There's a new campus-wide cell phone policy in place at my school effective this academic year. It's nothing earth shatteringly new, only that by making it 100% official we faculty can send a student to the equivalent of the principal's office for being caught more than twice texting in class.
Despite all this, there are one or two students in every class I teach who just.can.not bear to be parted with their cell phone for even one second, let alone a fifty-minute time period. I catch them, their phones flipped open in their laps under their desks, fingers straying to those tiny tempting keys...It's like an addiction, it really is.
"What's so important you can't get through class without one single text message?" I often ask them.
"You just don't understand," they almost always tell me. Apart from making me feel really old, that comment also makes me wonder what I would do if cell phones and texting had been so available and popular back in those prehistoric days when I was a college undergrad. Would I have tuned out lectures to stay on top of the latest happy hour plans? Would I be sending funny pictures back and forth to friends in between classes, or posting Facebook updates to friends during freshman comp? Downloading music in the elevator?
Maybe. I don't know. But the need my students seem to have for this constant, immediate, code-like form of communication baffles me, it really does. Students busily text in the elevator, fingers flying. I see their eyes dart down to their laps during class and I know when I walk past them I'll see an open phone on their knees. Even as I look at them, ready to offer my standard "put your phone away" they just won't be able to help themselves--a single finger will dart out, they'll punch the send key, then sit nervously, hoping I'll go away.
On Friday I was on my way to pick up T. from school when my cell phone rang. It was a good friend from graduate school--a friend I've stayed in touch with all this time, despite geography, despite the passage of years, despite our busy lives as mothers. Not only do we stay in touch over e-mail and Facebook, but we talk on the telephone. After I hung up with her it struck me that lack of regular phone conversation with friends has been a great loss in my life. I used to be a real phone person. I was that clichéd high school girl who hogged the phone at my house, and who sometimes watched a TV show with a girlfriend on the other end of the line. When Scott and I were first dating, and we lived in different states, we would spend hours--hours!--on the phone together. What would we do now? I wonder. Text each other non-stop? Pass notes and photos back and forth between our Facebook pages?
I miss talking to friends over the phone. Nowadays, when I need to reach out to someone, I send an e-mail, rather than pick up the phone to call. Part of this is because I know my friends are busy, juggling a million different things and then some, and I'm afraid of imposing. But another part of it is sheer lack of commitment on my part: not to the friendship, but to the time it might take for me to take a break, sit down, and have a conversation.

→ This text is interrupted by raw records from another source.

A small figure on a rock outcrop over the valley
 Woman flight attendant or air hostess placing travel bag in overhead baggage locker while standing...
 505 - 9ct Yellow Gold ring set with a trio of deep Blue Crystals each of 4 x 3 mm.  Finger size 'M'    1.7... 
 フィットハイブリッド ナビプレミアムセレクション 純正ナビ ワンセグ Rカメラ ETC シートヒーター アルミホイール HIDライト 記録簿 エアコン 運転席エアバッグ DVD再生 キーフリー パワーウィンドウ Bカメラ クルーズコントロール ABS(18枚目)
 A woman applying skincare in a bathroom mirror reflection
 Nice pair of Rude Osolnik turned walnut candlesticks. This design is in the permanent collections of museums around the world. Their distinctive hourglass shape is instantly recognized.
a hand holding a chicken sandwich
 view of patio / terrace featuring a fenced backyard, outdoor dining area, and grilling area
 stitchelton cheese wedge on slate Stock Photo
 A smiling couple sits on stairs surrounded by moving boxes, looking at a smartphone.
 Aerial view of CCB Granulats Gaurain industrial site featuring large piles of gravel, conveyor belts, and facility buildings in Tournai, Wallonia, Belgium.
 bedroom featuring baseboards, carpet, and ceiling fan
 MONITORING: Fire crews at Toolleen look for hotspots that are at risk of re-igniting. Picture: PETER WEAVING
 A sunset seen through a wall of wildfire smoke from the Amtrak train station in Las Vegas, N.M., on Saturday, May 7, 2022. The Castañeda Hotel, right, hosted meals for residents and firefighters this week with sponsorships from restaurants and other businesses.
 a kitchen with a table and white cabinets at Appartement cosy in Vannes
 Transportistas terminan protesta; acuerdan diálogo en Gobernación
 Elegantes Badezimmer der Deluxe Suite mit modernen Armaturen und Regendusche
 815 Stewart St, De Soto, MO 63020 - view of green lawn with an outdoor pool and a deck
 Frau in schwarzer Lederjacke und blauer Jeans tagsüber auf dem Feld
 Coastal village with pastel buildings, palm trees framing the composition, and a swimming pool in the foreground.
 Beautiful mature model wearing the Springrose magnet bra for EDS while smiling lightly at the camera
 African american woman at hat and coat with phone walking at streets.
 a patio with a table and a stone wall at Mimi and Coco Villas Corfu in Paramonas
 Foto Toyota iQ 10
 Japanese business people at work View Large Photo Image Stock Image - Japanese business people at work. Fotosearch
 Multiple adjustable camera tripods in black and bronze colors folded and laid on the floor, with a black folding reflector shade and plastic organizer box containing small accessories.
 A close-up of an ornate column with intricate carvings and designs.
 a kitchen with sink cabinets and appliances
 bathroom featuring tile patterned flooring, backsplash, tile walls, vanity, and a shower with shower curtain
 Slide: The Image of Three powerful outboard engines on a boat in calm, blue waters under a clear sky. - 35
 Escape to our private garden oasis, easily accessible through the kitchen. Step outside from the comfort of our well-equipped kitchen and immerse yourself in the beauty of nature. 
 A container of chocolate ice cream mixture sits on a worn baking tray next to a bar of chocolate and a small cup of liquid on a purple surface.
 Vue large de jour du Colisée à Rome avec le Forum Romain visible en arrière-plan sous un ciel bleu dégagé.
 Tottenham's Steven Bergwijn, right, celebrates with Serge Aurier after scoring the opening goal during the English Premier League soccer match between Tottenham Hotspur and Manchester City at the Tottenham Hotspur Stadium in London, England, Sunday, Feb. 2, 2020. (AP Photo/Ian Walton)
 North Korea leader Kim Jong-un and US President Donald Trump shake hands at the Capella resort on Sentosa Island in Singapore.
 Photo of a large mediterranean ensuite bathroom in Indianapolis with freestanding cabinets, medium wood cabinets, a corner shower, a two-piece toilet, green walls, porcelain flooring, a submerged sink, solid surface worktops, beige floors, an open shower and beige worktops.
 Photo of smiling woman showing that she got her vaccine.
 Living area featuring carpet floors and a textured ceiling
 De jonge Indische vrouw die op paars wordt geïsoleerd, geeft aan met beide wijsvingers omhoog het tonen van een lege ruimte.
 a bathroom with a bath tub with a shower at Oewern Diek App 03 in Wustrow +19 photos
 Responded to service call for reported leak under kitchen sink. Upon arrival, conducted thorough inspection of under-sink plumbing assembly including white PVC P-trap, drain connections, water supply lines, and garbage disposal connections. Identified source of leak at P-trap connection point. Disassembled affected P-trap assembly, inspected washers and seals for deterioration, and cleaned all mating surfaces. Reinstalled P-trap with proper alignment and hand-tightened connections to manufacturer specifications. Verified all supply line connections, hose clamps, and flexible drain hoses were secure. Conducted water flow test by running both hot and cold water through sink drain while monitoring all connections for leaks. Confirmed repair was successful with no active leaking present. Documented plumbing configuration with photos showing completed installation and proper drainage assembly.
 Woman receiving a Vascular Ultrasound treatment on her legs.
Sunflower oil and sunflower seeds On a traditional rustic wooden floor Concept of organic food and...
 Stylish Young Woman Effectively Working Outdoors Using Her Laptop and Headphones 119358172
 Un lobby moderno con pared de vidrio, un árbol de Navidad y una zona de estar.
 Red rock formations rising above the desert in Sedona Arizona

A friend once mentioned to me that she was loving her text message plan on her new cell phone. This way, she told me, she doesn't have to pick up the phone and call anyone, she can just text them whenever she wants. I didn't think much about it at the time (I've sent maybe three text messages in the whole time I've owned a cell phone) but the more I do think about it now the more I realize that text-messaging is a conversation cop-out. It's a way of getting us out of committing ourselves to an actual dialogue with another person; to the art of the give and take, the consideration of that voice on the other end of the telephone, the spontaneous jokes, or heartfelt expressions of emotion that might come out of an actual conversation.
"What is it about text-messaging?" I asked a student--a repeat offender in that department--yesterday when he slunk into my office to retrieve his notebook. "Why can't you just put the phone away?"
"I like to stay in touch," he told me, his hand wrapped lovingly around his iPhone, one white ear bud dangling from his right ear. "But I don't like to have to talk to people."